[GRASSLIST:1832] Re: inverse r.composite?

Glynn Clements glynn.clements at virgin.net
Thu Nov 20 01:02:59 EST 2003


Ian Macmillan wrote:

> Now I have a color orthorectified air photo in a UTM projection. I
> would like to project this color raster into a lat-long location. 
> Problem is that r.proj seems to mess with the colors, and the newly
> projected air photo in the lat long location has screwy colors (like
> a color ramp). I can't figure out how to get around this.

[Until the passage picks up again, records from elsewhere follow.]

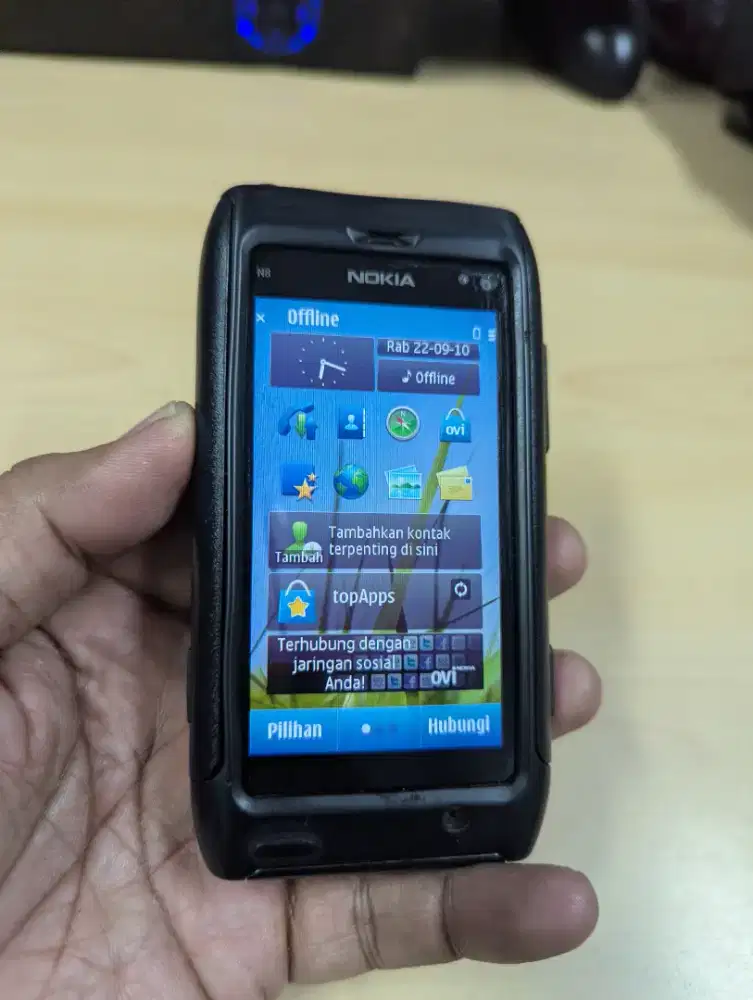 Nokia N8 bonus case OtterBOX cakep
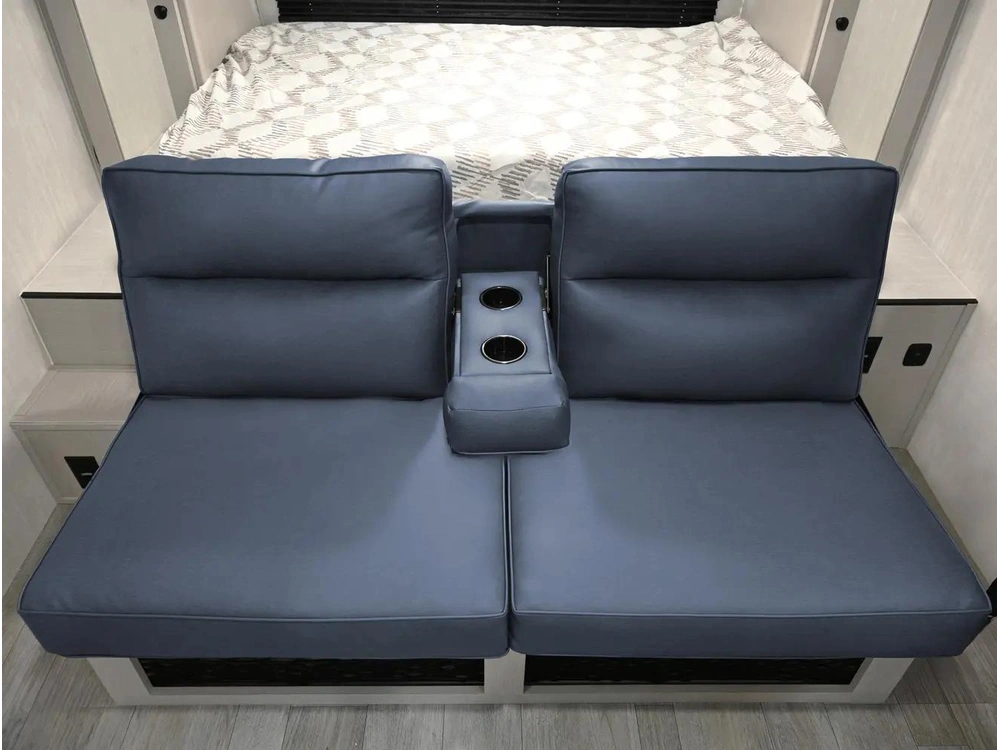 Coachmen Apex 208bhs 2026 alt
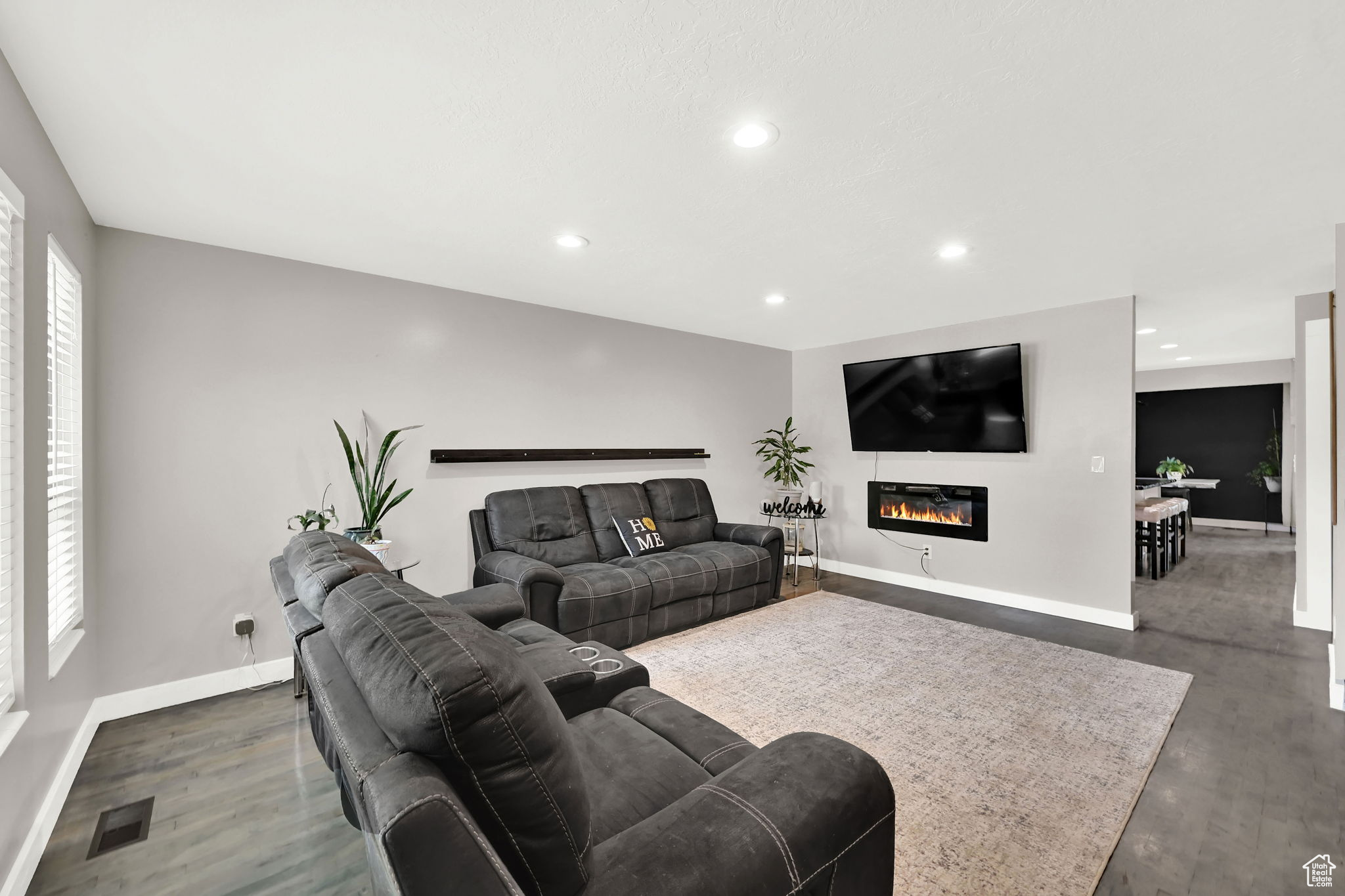 Washington Terrace, Utah 84405, United States, 6 Bedrooms Bedrooms, ,3 BathroomsBathrooms,Residential,Active,152056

Odd. r.proj is supposed to copy the colour table. You could try
copying it manually; the file in question has the same name as the
map, and lives in the "colr" subdirectory of the mapset directory.

> When I
> imported the original photo into my xy location, it came in as a
> single rgb raster (both with r.in.tiff, and r.in.gdal). Going
> through i.ortho.photo kept the colors the same in the UTM location. 
> However now the colors are scewball in the lat-long location. I
> figured a fix would be to separate the color orthophoto into 3 bands
> (ortho_photo.r, ortho_photo.g, ortho_photo.b), sort of like
> r.composite, but in reverse. I could then r.proj each of those into
> the lat-long location, and composite them later. I can't figure out
> how to do this though. Any ideas? Is there another approach? A
> search through the archives unfortunately didn't help too much.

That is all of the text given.